Sara Joanne Cyzer (née Cox; born 13 December 1974) is an English broadcaster. She presented Radio 1 Breakfast on BBC Radio 1 from 3 April 2000 until 19 December 2003. Since January 2019 she now hosts the BBC Radio 2 drivetime show, Monday–Friday 4pm–7pm (formerly 5pm–7pm).

She has also presented a number of television shows for the BBC including The Great Pottery Throw Down (2015–2017), Too Much TV (2016) and Back in Time for... (2018–2020).

Early life and career 
Cox was born Sarah Joanne Cox on 13 December 1974, but later dropped the use of the letter 'h' from her first name. Her parents lived in the village of Little Lever near Bolton, Greater Manchester, where she grew up on her father's farm. She was the youngest of five children. Her parents separated when she was six or seven, after which she moved with her mother and a sister to another house in the same village. Cox attended Smithills High School until the age of 16, and left Canon Slade School after her A-levels to pursue a career in modelling. She appeared in the music video for Orchestral Manoeuvres in the Dark's 1993 single "Everyday", and on a controversial promotional poster for the 1995 video game Wipeout.

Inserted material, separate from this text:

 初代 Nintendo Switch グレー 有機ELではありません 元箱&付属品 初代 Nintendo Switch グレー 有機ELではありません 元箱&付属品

Cox won her first television show role in 1996, presenting the early "Girl Power" show The Girlie Show on Channel 4. She later had stints on Channel 5 entertainment show Exclusive and Channel 4 music programme Born Sloppy. In 1997 Cox presented on the UK feed of MTV, hosting MTV Hot, a late-night music show. In 1998 Cox won her first film role in The Bitterest Pill.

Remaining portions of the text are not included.